Records supplied:
== Segment start ==

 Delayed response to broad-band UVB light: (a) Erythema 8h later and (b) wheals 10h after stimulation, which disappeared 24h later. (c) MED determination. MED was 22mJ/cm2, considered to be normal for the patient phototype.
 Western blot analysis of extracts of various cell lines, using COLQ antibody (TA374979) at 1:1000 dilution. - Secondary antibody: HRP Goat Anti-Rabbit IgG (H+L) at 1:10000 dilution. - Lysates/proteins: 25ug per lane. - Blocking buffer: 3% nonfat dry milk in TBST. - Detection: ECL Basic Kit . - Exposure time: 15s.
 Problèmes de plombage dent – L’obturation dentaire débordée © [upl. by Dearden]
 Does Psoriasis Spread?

== Segment end ==
== Segment start ==

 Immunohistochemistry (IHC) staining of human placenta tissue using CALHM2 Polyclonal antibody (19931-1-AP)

== Segment end ==

Reproduce exactly the entries above, limited to the lines from the one with "Western blot analysis" through the one with "Does Psoriasis Spread?", both included.

Expected answer:
 Western blot analysis of extracts of various cell lines, using COLQ antibody (TA374979) at 1:1000 dilution. - Secondary antibody: HRP Goat Anti-Rabbit IgG (H+L) at 1:10000 dilution. - Lysates/proteins: 25ug per lane. - Blocking buffer: 3% nonfat dry milk in TBST. - Detection: ECL Basic Kit . - Exposure time: 15s.
 Problèmes de plombage dent – L’obturation dentaire débordée © [upl. by Dearden]
 Does Psoriasis Spread?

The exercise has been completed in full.